Mais en grattant le vernis, la citoyenneté auto proclamée apparaît réduite à une morale désincarnée. On fait semblant de croire qu’être citoyen cela consiste à réclamer continûment l’ouverture de nouveaux guichets, à réclamer de nouveaux services pour telle ou telle catégorie de la population.
Mais, est-il foncièrement citoyen celui qui réclame sans cesse l’ouverture de nouveaux guichets en refusant obstinément de se demander quelles sources vont alimenter ces nouveaux guichets? Le citoyen ne serait-il pas plutôt celui qui marche sur ses deux jambes? Celui qui voulant ouvrir de nouveaux guichets s’enquiert, en même temps, de savoir comment vont être alimentés ces nouveaux guichets. Sinon c’est trop facile. J’accuse, je requiers comme un procureur, je mets en demeure de faire et je vais me coucher pour m’étonner à nouveau le lendemain matin que rien n’est résolu. Mais surtout, surtout, je ne veux pas savoir pourquoi ce que je réclame à cor et à cri n’advient pas. Trop facile de se donner le beau rôle.

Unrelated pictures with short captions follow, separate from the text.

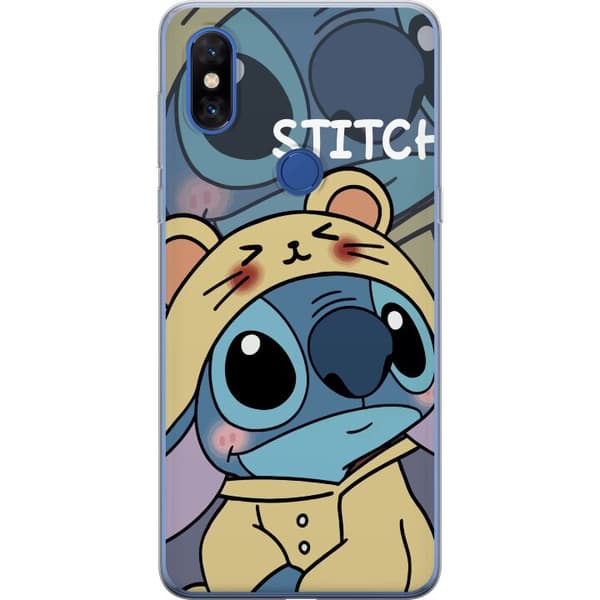Xiaomi Mi Mix 3 Genomskinligt Skal Stitch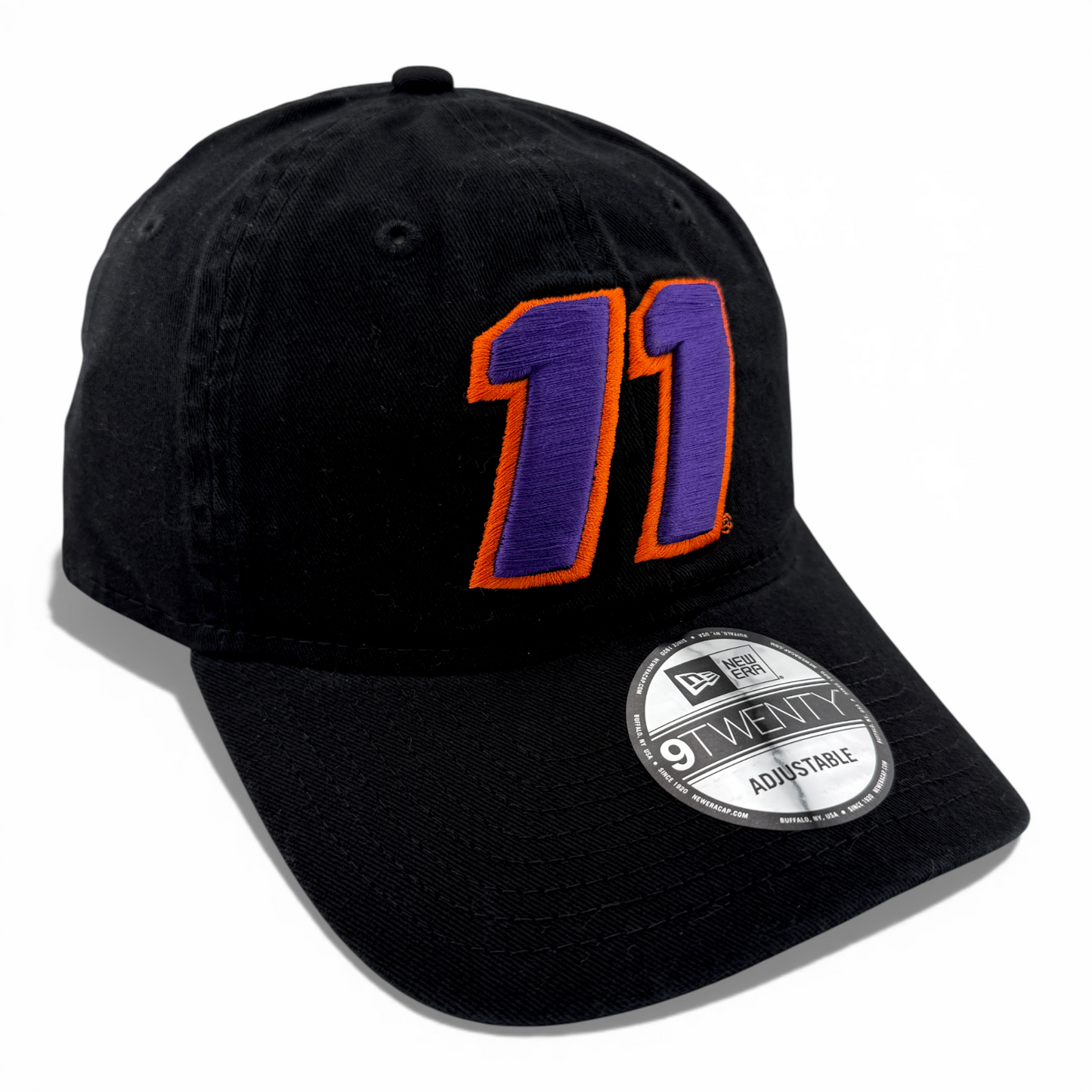 New Era Denny Hamlin Nascar #11 Enzyme Washed 9Twenty Adjustable Dad Hat Cap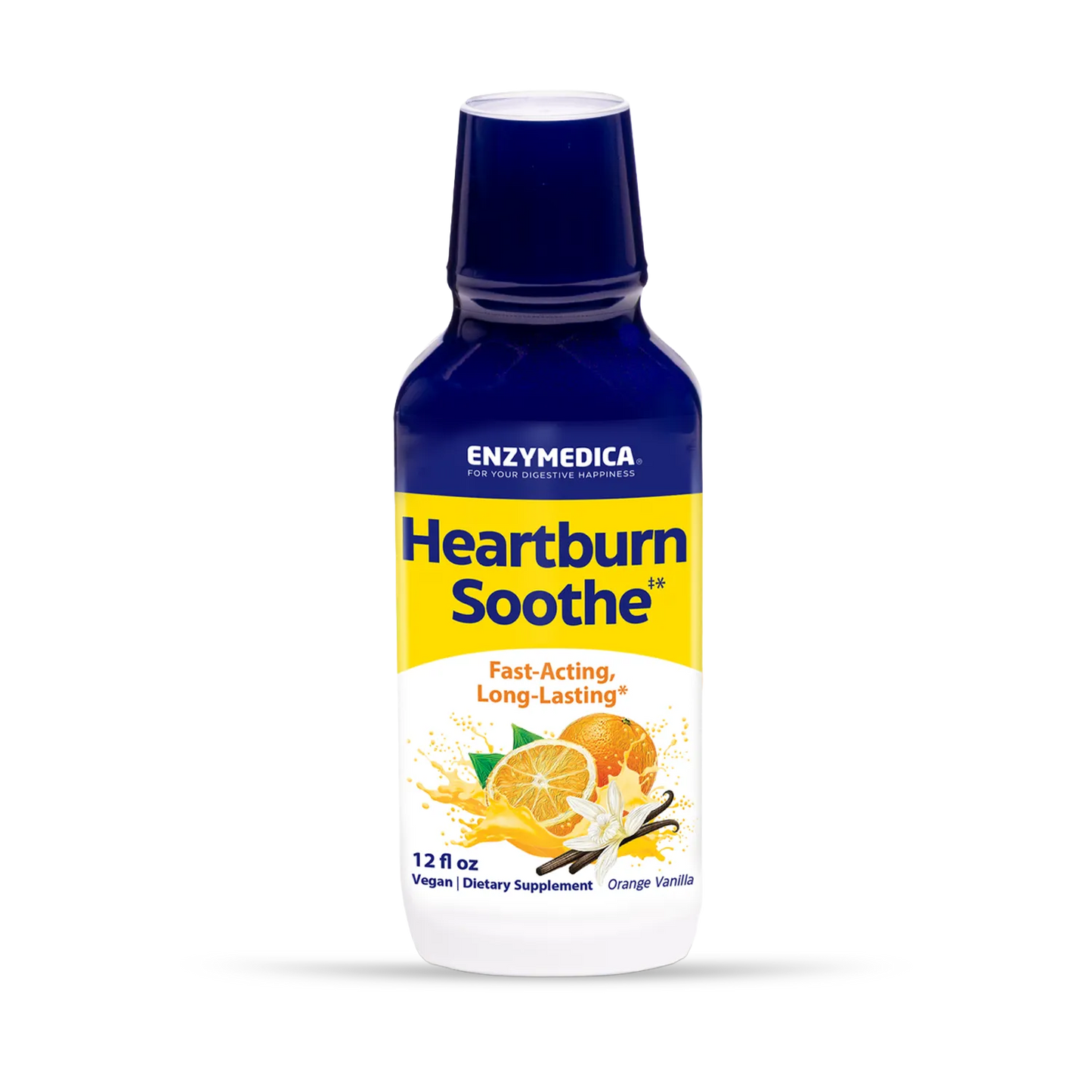 Enzymedica Heartburn Soothe bottle on a white background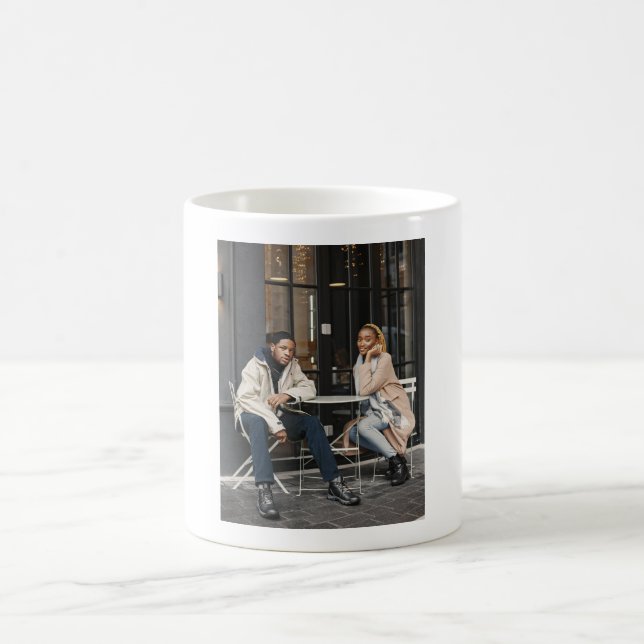 Entwerfen Sie Ihr eigenes Single-Foto Kaffeetasse (Mittel)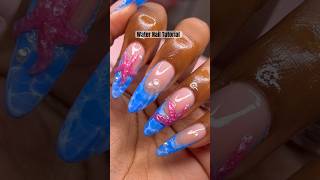 How to do water nails 🌊 viralnailart [upl. by Eicrad965]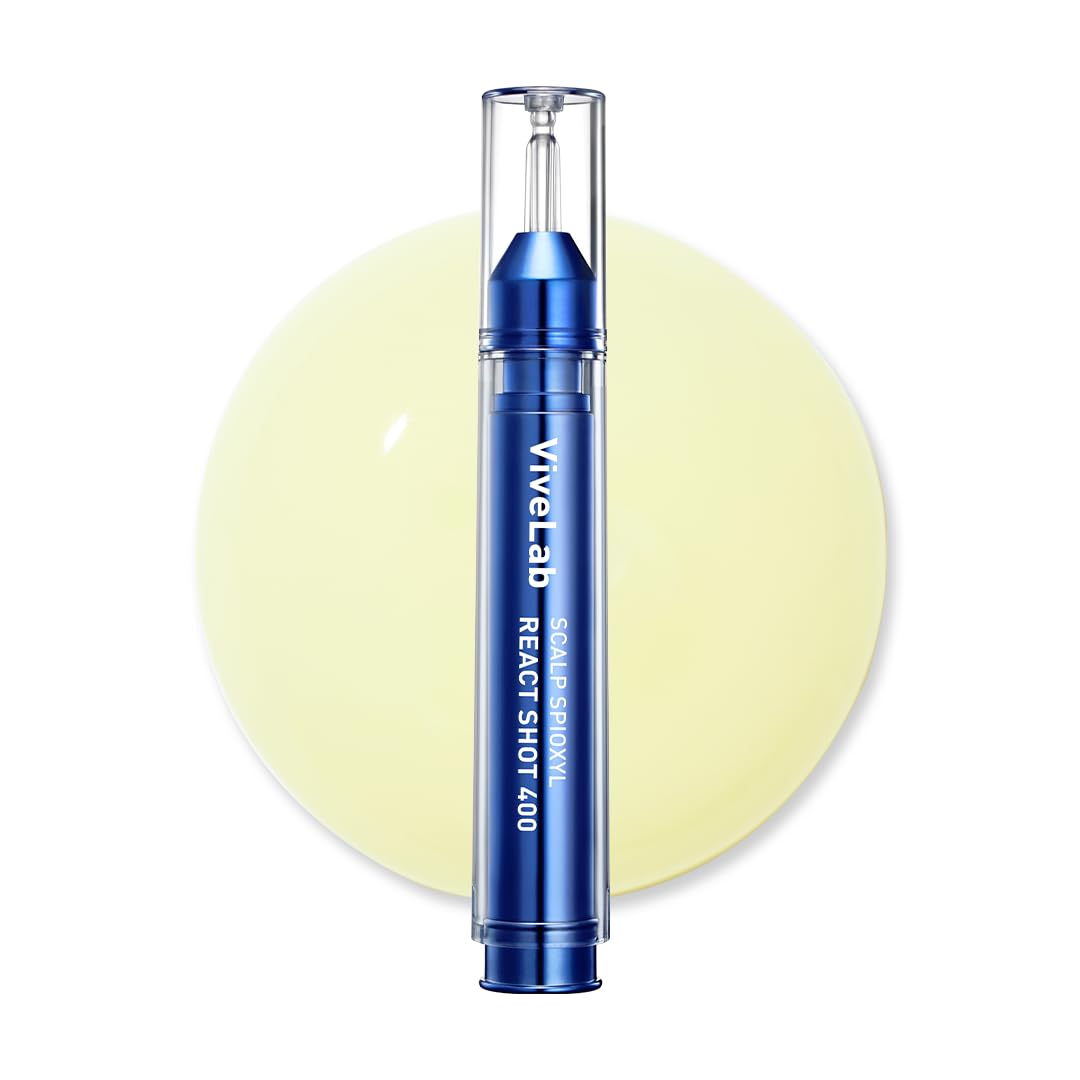 ViveLab Spioxyl 400 Microneedling Hair Growth Serum - Volumizing Scalp Treatment for Root Lifting, Scalp Care with Biotin, Caffeine & Peptides, Clinically Tested Spicule for Thicker & Stronger Hair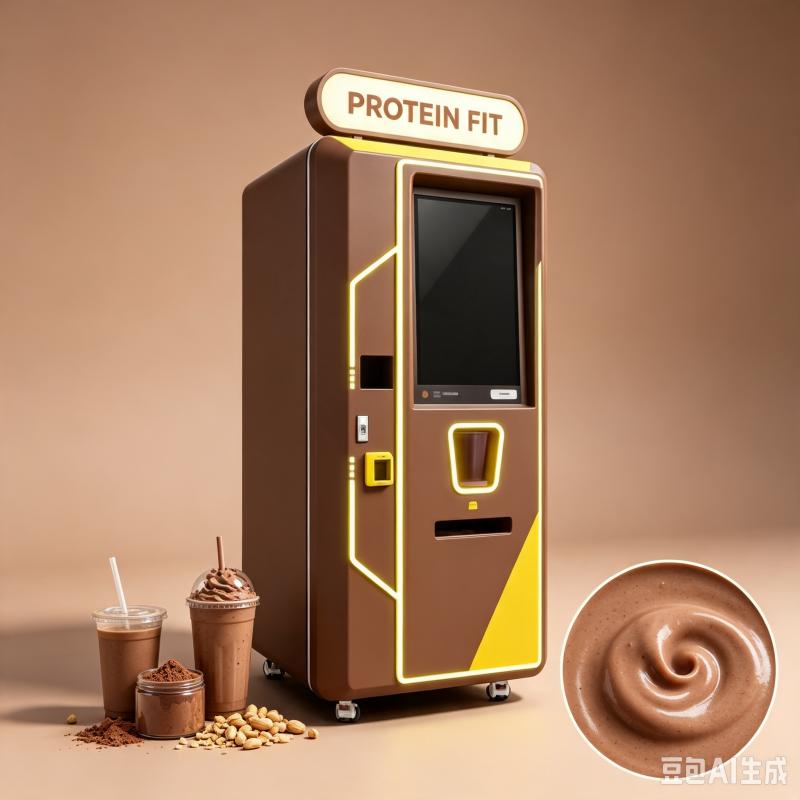 カスタマイズ可能なプロテインシェイク自動販売機、粉末自動投入 - Fitness Nutrition Protein のレビューと価格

Le qualificatif de citoyen ne peut pas s’accoler à une morale désincarnée. Le qualificatif de citoyen ne peut s’appliquer qu’à une pratique citoyenne. Si seule la moitié du chemin est faite, la plus facile, celle qui ne coûte rien hormis un peu de salive, cette moitié de chemin n’est pas le fait d’un citoyen, qui agit, mais d’un citoyen encore potentiel, qui pour l’heure parle en vain. Cela soulage sa conscience, gonfle son égo souvent au-delà du raisonnable, mais il s’apparente alors davantage à un consommateur de services divers et variés, y compris de services publics, plutôt qu’à un citoyen. Tiens, justement, service public, voilà encore un beau lieu commun.